Student artwork on display at library

By Kitty LeShay - ReminderNews
Stafford - posted Thu., Mar. 31, 2011
Dee Paradis, art coordinator, explains how tessellations are created. Photos by Kitty LeShay.
Dee Paradis, art coordinator, explains how tessellations are created. Photos by Kitty LeShay.

Visitors to the Stafford Library now have the chance to enjoy a collection of artwork produced by the Visual Arts Department of the Stafford school system. The all-district art show is on display for the entire month of April.

Works in nearly all media, by pre-kindergarten through 12th-grade students, are in display cases, hanging on walls, and free-standing. They are tucked into every corner of the library, and searching them out is a worthwhile endeavor.

Art teacher Dee Paradis, art department co-coordinator and elementary art teacher, organized the show, and art teachers Liz Vannelli (middle school), Amanda Fischetti (high school) and Tannis Longmore (elementary school) motivated their students to produce art worthy of exhibition.

“When we first assign a project, we often hear students tell us it’s too hard and they can’t do it, or they are not good at that. When they finish their project, we often hear them say that they can’t believe they did it,” Paradis said.

Visitors may learn about some techniques they have never heard of and learn a bit about historical influences on art, as well. “I love working history into art. Now [classes are learning about] the Silk Roadand using beads to barter. The kids are trading their beads this week to acquire the ones they want to make their necklaces next week,” Paradis said.

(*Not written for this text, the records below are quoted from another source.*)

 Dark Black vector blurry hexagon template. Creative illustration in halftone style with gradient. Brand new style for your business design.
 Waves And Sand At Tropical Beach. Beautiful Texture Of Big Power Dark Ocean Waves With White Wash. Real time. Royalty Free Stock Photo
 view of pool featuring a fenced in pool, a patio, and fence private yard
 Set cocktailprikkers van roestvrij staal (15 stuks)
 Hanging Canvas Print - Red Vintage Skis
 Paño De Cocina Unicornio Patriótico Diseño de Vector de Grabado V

Third-graders worked on cartouches, which were pendants worn by Egyptian royalty, while fifth-grade students used a method known as sgraffito – borrowed from ancient Greece– to decorate their pottery. Second-graders used lace, buttons, beads and sticks to make their action collages and tessellations, which are renditions beginning with one square piece of cardboard of a certain shape which then interlock and repeat.

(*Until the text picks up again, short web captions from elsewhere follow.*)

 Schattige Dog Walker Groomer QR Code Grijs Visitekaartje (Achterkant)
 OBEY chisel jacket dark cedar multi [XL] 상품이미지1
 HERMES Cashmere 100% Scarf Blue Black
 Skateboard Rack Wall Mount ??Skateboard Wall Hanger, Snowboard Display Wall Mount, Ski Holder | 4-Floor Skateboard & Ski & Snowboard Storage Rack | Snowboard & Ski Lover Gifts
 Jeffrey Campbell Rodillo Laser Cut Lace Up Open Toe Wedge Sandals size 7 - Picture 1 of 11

Middle school students worked on making batiks, scratch boards and watercolors. “We made a lot of the watercolors ourselves. We brought in coffee, teas, tomatoes and cooked grass and leaves to get greens like people once created watercolors,” Paradis said. “And we made our paint brushes out of yucca, a desert succulent.”

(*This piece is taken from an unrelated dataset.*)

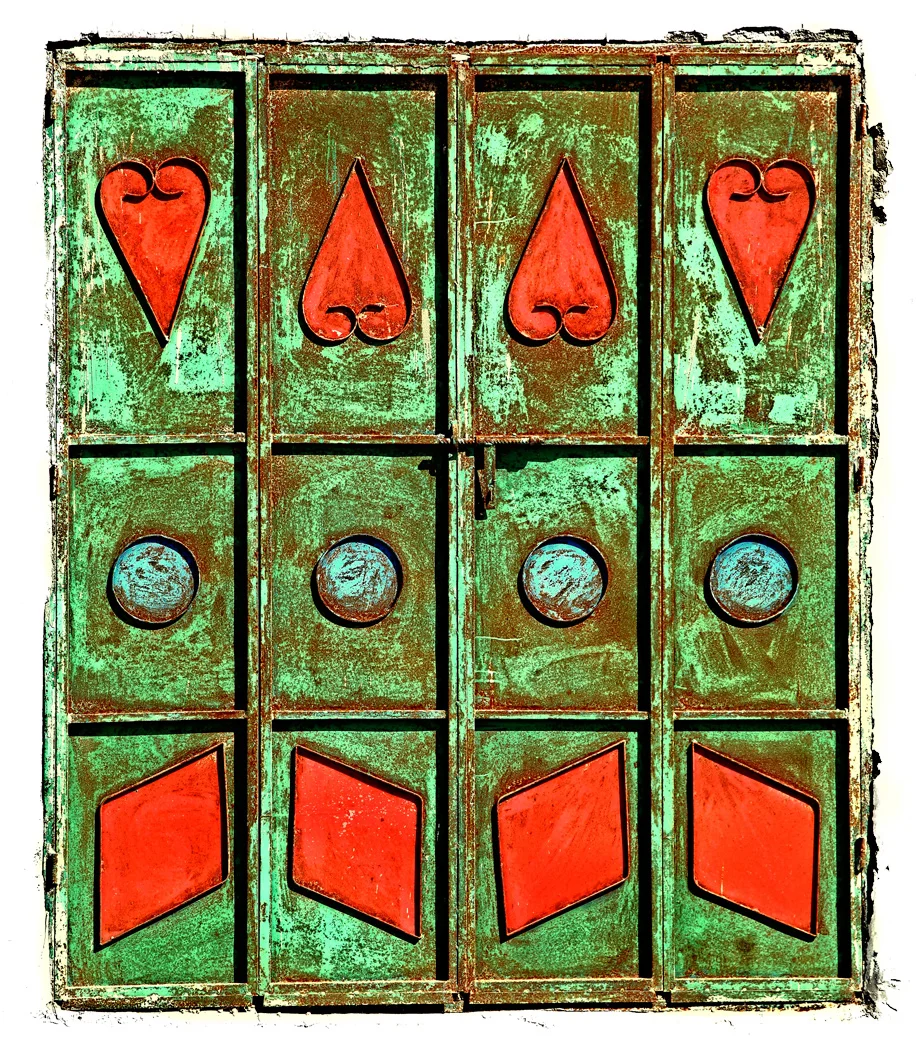 Door with four red hearts.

High school students created pencil portraits, as well as works in oils and watercolor.

The art teachers are dedicated to finding a path to success for all their students. “Some students may not be proficient in one medium, but find they excel in another. We try to open the door through whatever interest a child has,” Paradis said, as she pointed out some Middle East-inspired designs made with a compass.

Paradis expressed her gratitude to the town and administration for their support of the arts. “With art, you can feel or do or be anything you want,” she said.